Снова чокнулись. Вторая рюмка показалась мне уже не такой противной, как первая.

— Ты замужем-то? — отчего-то заранее вздохнула Раиска. Может, усовестилась, что вот, мол, ее обняли цепкие детские ручонки, а у меня чего? А у меня — соленый огурец на вилке, и больше ничего.

— Замужем. А детей пока нет. Понимаешь, наш быт, — начала почему-то оправдываться перед Раиской. — Соседка… Да нет, она в общем-то ничего, — заключила неожиданно для самой себя. — Тоже вкалывает. И ребенка одна без отца растит. Забавный малыш. Вовкой звать. Все допытывается, как нашего кенара по батюшке величать. — И вдруг, положив вилку с огурцом, спросила: — Рай, а Рай! Это очень больно? Ну рожать?..

Мужчина в полете

Наконец-то! Свершилось! У нас есть свой дом, «своя крепость». Запру его в эту крепость и никуда не отпущу. В конце концов, я тоже имею право, разве нет?

Утро сегодня выдалось что надо. Весна! Еще и шести нет, а свету! Хорошо стоять вот так, посреди комнаты, и думать: «До чего красиво!». Тишина и независимость. Еще непривычные, неприрученные.

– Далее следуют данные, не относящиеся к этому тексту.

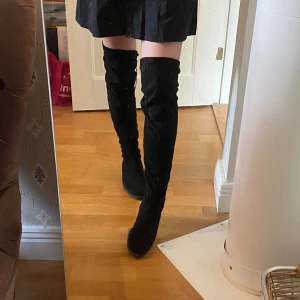 Overknees skor - Svarta overknees i mockatyg storlek 38🥰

Комната насквозь от окна до двери пронизана солнцем. В их косых широких лучах клубятся, золотисто вспыхивают мелкие соринки. Убранство нашей комнаты не ахти какое: старый двустворчатый гардероб с допотопными выдвижными ящиками и сломанной пластмассовой ручкой, деревянная кровать, самодельная фанерная перегородка, изделие умелых рук отца, за которой — его «отсек». В нем — стол довоенного образца с облупившимся лаком и обитый черным дерматином, с двумя тяжелыми тумбами. Ящики, набитые папками, бумагами, железками, открываются с трудом, со скрипом. Стул с потрескавшимся кожаным сиденьем и раскладушка.

Нет, вообще-то отец у меня неплохой. Отличный, надо признать, отец. Но как его совместить с Валеркой? Хорошо, что сам понял и устранился. Не старик, а золото!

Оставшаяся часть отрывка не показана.